Aug 08, 2023Aug 08, 2023

Inflationary pressures appeared to be exerting their influence across much of the economy except the metals sector through much of the summer and into the fall of 2022, with November appearing to be an exception.

“Metals woke up in November,” Bruce Shapiro, CEO of St. Louis-based Shapiro Metals, writes in his commentary for December 2022. “The dollar has weakened, and there is an inverse correlation between the dollar and metals.”

A scrap processor based in the Northeast echoes that sentiment, saying the weakening U.S. dollar relative to other currencies is having a positive effect.

John Gross of The Copper Journal and JE Gross Consulting, Huntington, New York, notes spot copper averaged $3.68 per pound on the COMEX during November 2022, an increase of 21 cents (6 percent) from the October 2022 price of $3.47. However, the November 2022 price was 69 cents (16 percent) lower than the October 2021 price of $4.37. Gross says the year-to-date average COMEX copper price through November 2022 was $4.02 per pound, 21 cents less than $4.23, which was the average price during the first 11 months of 2021.

Shapiro says spot prime aluminum was up 10 cents per pound over November, while the Midwest premium leveled out at 20 cents per pound.

“Personally, I think the metal market just had a minirecession and consumer demand will be strong going forward,” the Northeast-based processor says.

“Demand is stable, but deliveries have been pushed back into the new year,” he adds. “Generally, it feels like supply and demand are in balance.
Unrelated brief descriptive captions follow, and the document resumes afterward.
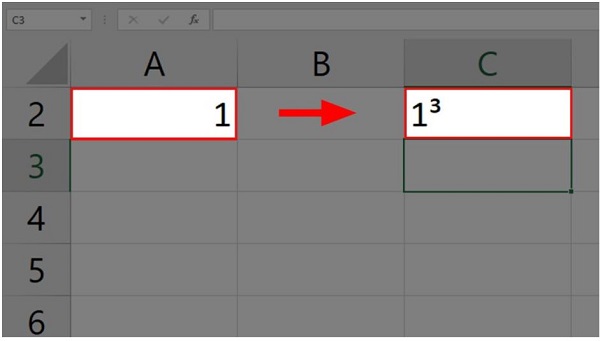 Sử dụng hàm để viết số mũ trong Excel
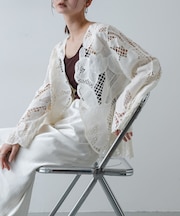 ノーカラーレースジャケット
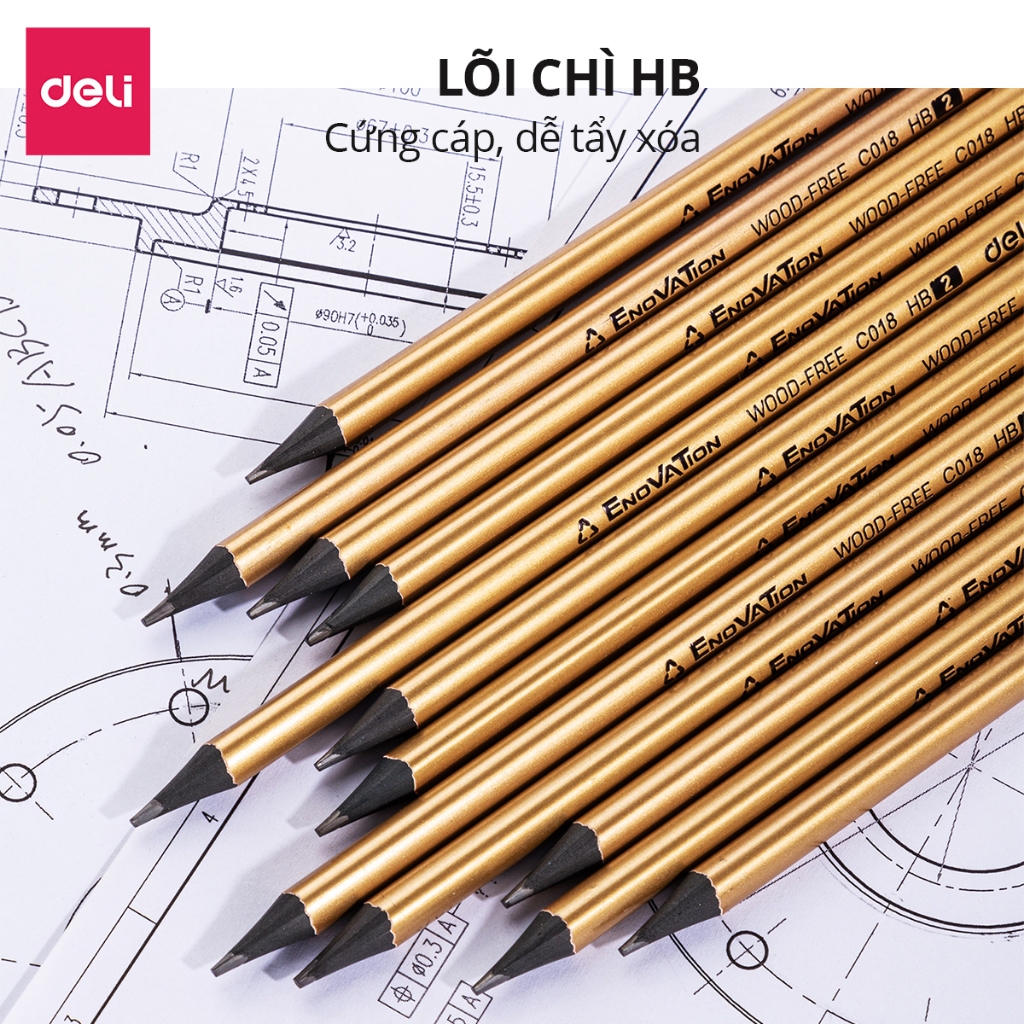 Bút Chì Bạc 1K HB Tam Giác Deli - Dễ Tẩy Xóa An Toàn Vẽ Mỹ Thuật Tập Viết Làm Bài Kiểm Tra Học Sinh Sinh Viên Trẻ Nhỏ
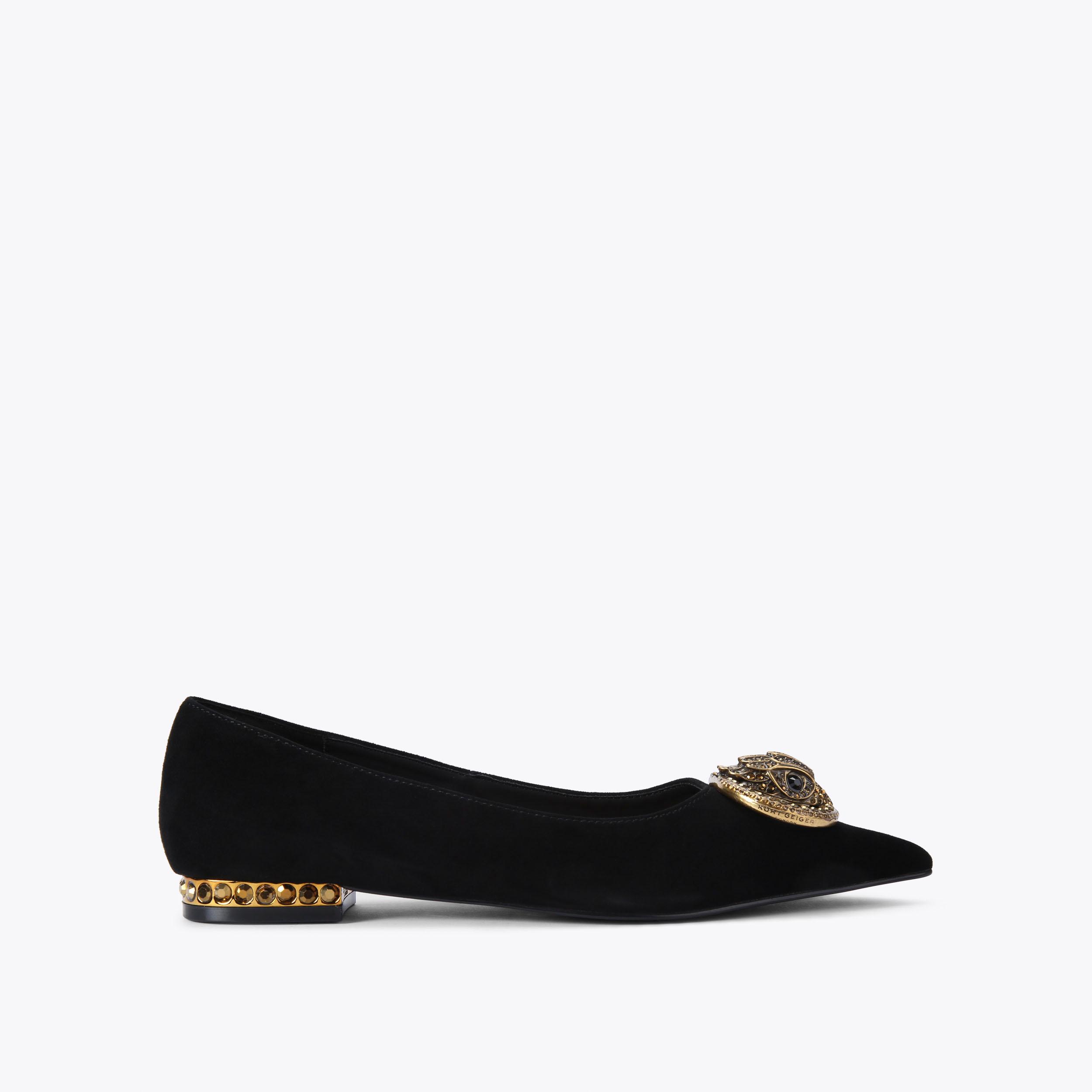 CHELSEA POINT FLAT Black Suede Ballet Flats by KURT GEIGER LONDON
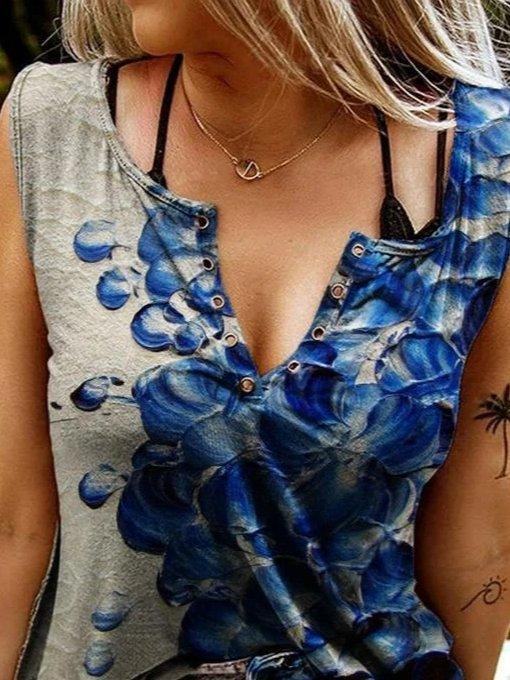 Sleeveless Buttoned Floral Cotton-Blend Shirts & Tops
Red metals consumers have been slightly more aggressive.”

Shapiro says aluminum scrap buyers are in a year-end slow-buying mode, with most prime aluminum scrap and secondary scrap trading in the same range it did in October.

In his Dec. 9 issue of The Copper Journal, Gross writes that “low inventories continue lending support to the nonferrous family, with more than a few people being very vocal about the looming shortage of copper that will push prices even higher.”

Robert Ryan, chief commodity and energy strategist at BCA Research, headquartered in Montreal, tells Barron’s that visible copper inventories at exchanges globally continue to fall as they have for years and that the market is facing a global shortage related to a lack of capital expenditure to increase supply.

BCA Research is forecasting a physical global refined copper deficit of 595,000 metric tons in 2022, with copper supply and demand balances remaining tight over the next 10 to 15 years, according to Barron’s.

With winter starting, the contact in the Northeast says he expects nonferrous scrap generation to be limited, particularly for obsolete aluminum sheet and siding, while used beverage cans (UBCs) will see a smaller reduction in volume.

“We do see upticks whenever there is a break in the weather with temperatures above 40 degrees,” he adds.

Transporting metals has gotten a bit easier, the processor says, with trucking coming down in price and availability normalizing, though it remains on the tighter side.